Submitted by admin on
Shewhart Charts (invented by Walter A. Shewhart c1920s) are statistical process control charts used to determine whether a manufacturing process (e.g. in the modern day a laboratory generating analytical results) is working predictably.
They are based on a Gaussian or Normal distribution of data.
If we were to analyse a compound (a chromatographic peak) one hundred times under identical method conditions and analyse the area counts of each, statistically a large percentage of the dataset will fall within two standard deviations of the mean, similarly a much smaller percentage will fall within three standard deviations. From these facts we can build a control chart and historically these have been primarily used to track the Analytical Quality Control (AQC) sample, which is associated with batches of real samples, the results of which can only be released should the AQC 'pass' the Shewhart Chart protocols.
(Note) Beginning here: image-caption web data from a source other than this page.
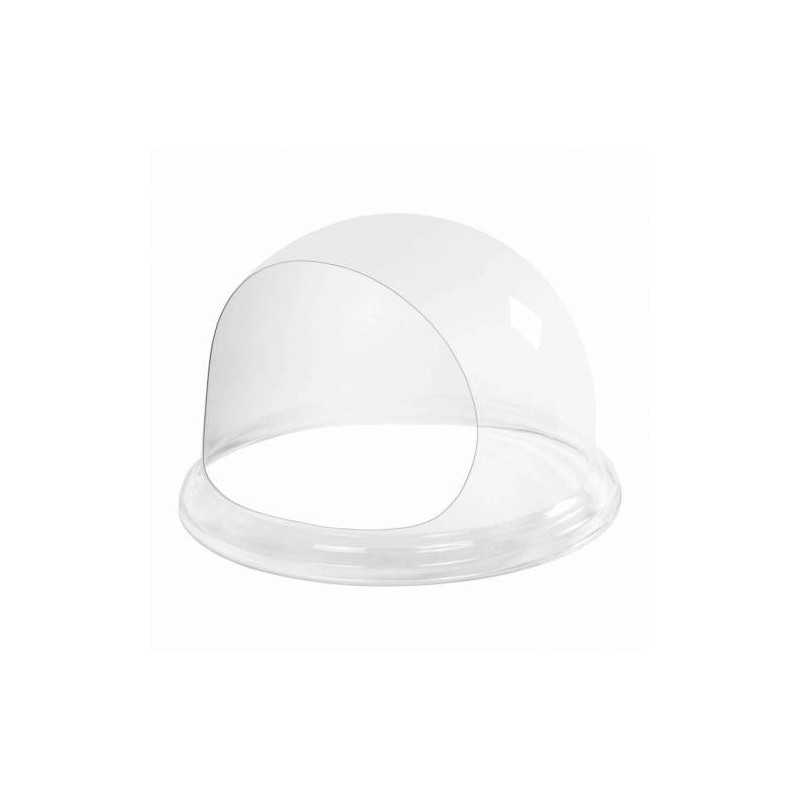 Bulle de protection pour machine à barbe à papa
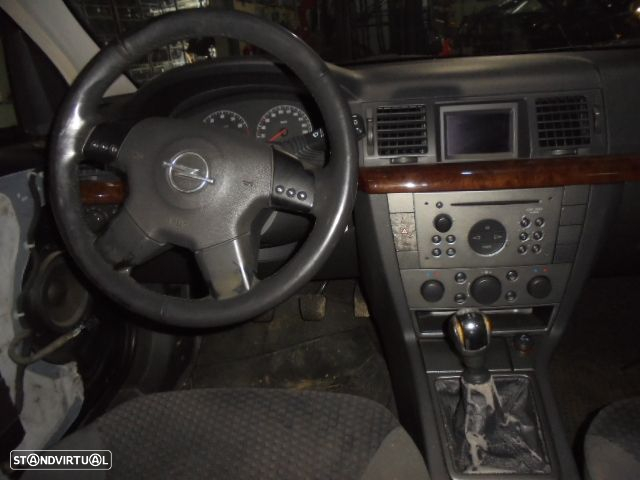 Carro MOT: Z16XE  L91 CXVEL: F17C394 OPEL VECTRA C 2002 1.6I 100CV 4P AZUL GASOLINA - 9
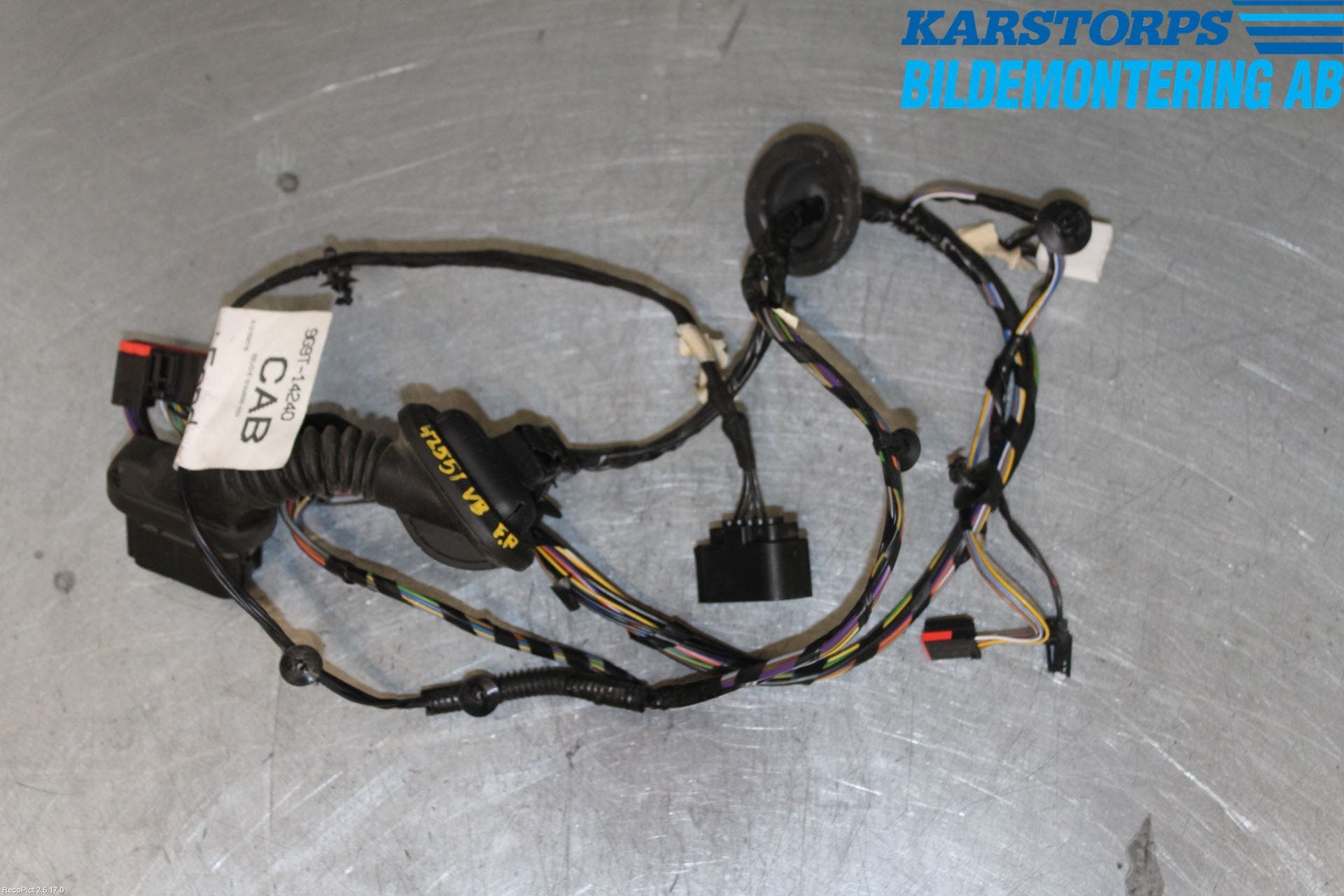 Ford S-MAX 06-15 Kabelhärva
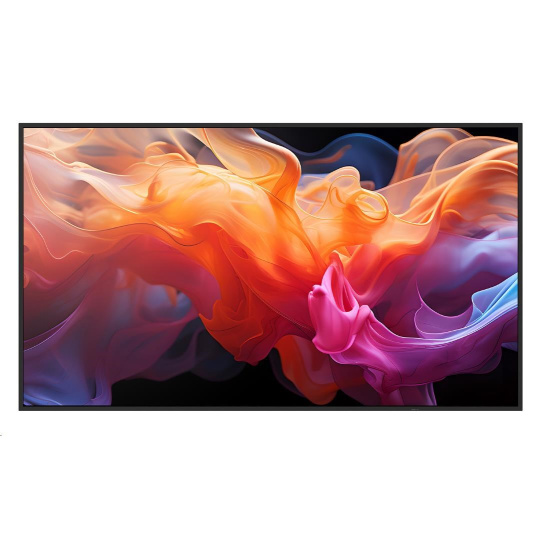Sharp 75" MultiSync® E759, LED, 3840x2160, 350nit, 4000:1, 8ms, 16/7, VGA, HDMI, LAN, RS232, USB-C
Statistically, two consecutive 2s breaches are unlikely (so we reject the batch), a 3s breach is very rare but is so out of control that once again a batch is rejected and, in this case, a likely gross error will need to be investigated. Similarly, nine consecutive points one side of the mean (even if they move up and down and are inside the 2s boundaries) is an undesirable trend and should be treated in the same way as two consecutive 2s breaches. Likely causes of 2s breaches are usually a lack of attention to detail in say, routine instrument maintenance, the quality of working standards, the quality of the AQC standard or the efficiency of the extraction process.
Whilst the AQC sample is the most important in the Lab when it comes to releasing results, other system suitability protocols can also be observed via Shewhart charts:
Peak Tailing factors, Resolution factors of co-eluting peaks, Internal Standard areas and Signal to Noise ratio of a target compound are all greatly informative with respect to historical chromatographic performance.
In conclusion, investing time in the controllables can tighten a method to a point where it largely runs itself.